Eddie Edwards (Taron Egerton) is a scrawny Brit with dodgy knees who wants nothing more than to be an Olympian. Any kind of Olympian, really. Unfortunately, what Eddie possesses in heart, he utterly lacks in athletic ability. He tries track and field, and weight-lighting, and the javelin throw, but after discovering that no Brit in half a century has attempted the treacherous sport of ski-jumping, he’s found his niche. Eddie trains under former ski-jumping star Bronson Peary (Hugh Jackman), whose former coach Warren Sharp (Christopher Walken) crushed Peary’s hopes and left him a bitter and drunk crust of a man. But Eddie’s tenacity and total innocence (the guy only drinks milk) inspires even crotchety old Bronson Peary, and soon the two are on the path to the 1988 Winter Olympics.

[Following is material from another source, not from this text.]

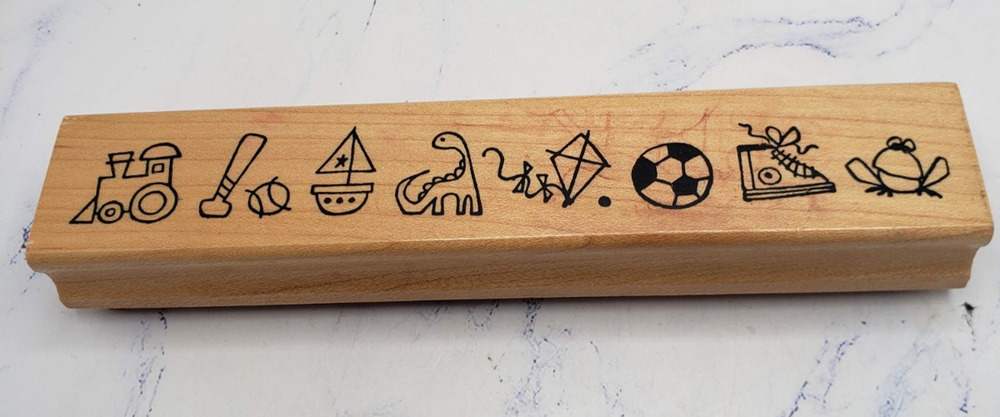 Sports Trains Dino's Childrens Outstamping Designs Mounted Rubber Border Stamp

It’s a true story, somewhat, of sorts. There is no Bronson Peary, no Warren Sharp. Maybe the real Eddie Edwards is blessed with one tirelessly encouraging mother (Jo Hartley) and saddled with a skeptical father (Keith Allen), or maybe his life is not so thematically symmetrical. It hardly matters. Eddie the Eagle doesn’t present itself as a traditional biopic, and thank Fletcher for that. It’s too fun, too free, to burden itself with historical accuracy. This is a movie with one goal: to entertain, and it does so triumphantly.

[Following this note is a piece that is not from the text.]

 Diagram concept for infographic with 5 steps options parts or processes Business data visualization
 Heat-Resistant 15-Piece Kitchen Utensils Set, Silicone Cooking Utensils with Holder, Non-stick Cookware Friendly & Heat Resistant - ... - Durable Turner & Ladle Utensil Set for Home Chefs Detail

Egerton is a delight in the role. It’s a bit of a marvel that he followed up Kingsman’s tough, suave Eggsy with Eddie, blinky and klutzy and childlike, all bulky sweaters and broken glasses. Hugh Jackman is Eddie’s perfect foil as Peary, looking ten feet tall next to Egerton’s diminutive frame, as hostile as Eddie is affable, as cynical as Eddie is absolutely certain of success. Jackman’s also indubitably cool in the role, even when he’s getting knocked out with one punch during a bar fight with a Norwegian mountain of a coach. Three sheets to the wind, Peary attempts a midnight ski jump on the 90 meter jump, the tallest and most murderous of the obstacles that looms in Eddie’s future. Peary lights a cigarette, gives a half-cocked grin and down he goes: down, and then up, and then landing with impeccable flair.
Together, Egerton and Jackman are something of an unlikely dream team, a comedy duo that feels like it could work under any circumstances, with any story. There’s something to be said for the inherent comedy in their vast size discrepancy, but more than that, both men commit to their roles with such free-wheeling abandon that Eddie the Eagle works when it might not have with any two other actors.
Or another director: Fletcher gives the film – on paper, completely standard – a wonderful energy that sustains throughout its runtime. Eddie’s journey is marked with gasp-inducing montages of excruciating crashes, and over the jovial soundtrack of ‘80s power pop, we hear bones crunching and popping. As soon as Eddie achieves one jump – the 15m, and then the 40m, and then the 70m – he looks cheerfully to the next. “Right. I think I’m ready for that big one!”
He isn’t ready for any of them. He’s really a poor athlete, but as Julia Cameron once wrote, “Very often audacity, not talent, makes one person an artist and another a shadow artist.” Eddie is told, time and again, by his father, by Britain’s Olympic officials, even by Peary, that he is not and will never be Olympic material. But he has audacity in spades, and the sort of single-minded strength of purpose that is actually rather selfish - because Eddie cares about nothing, NOTHING, but making it to the Olympics. And with that audacity, with that obstinate assurance, he does. And as anyone familiar with Eddie the Eagle's story already knows, once he's at the Olympics, he does okay!
Eddie the Eagle is a lot like Eddie the Eagle. It’s a little contender that qualifies but doesn’t win, but it’s so damn joyous that you’re just happy it’s there.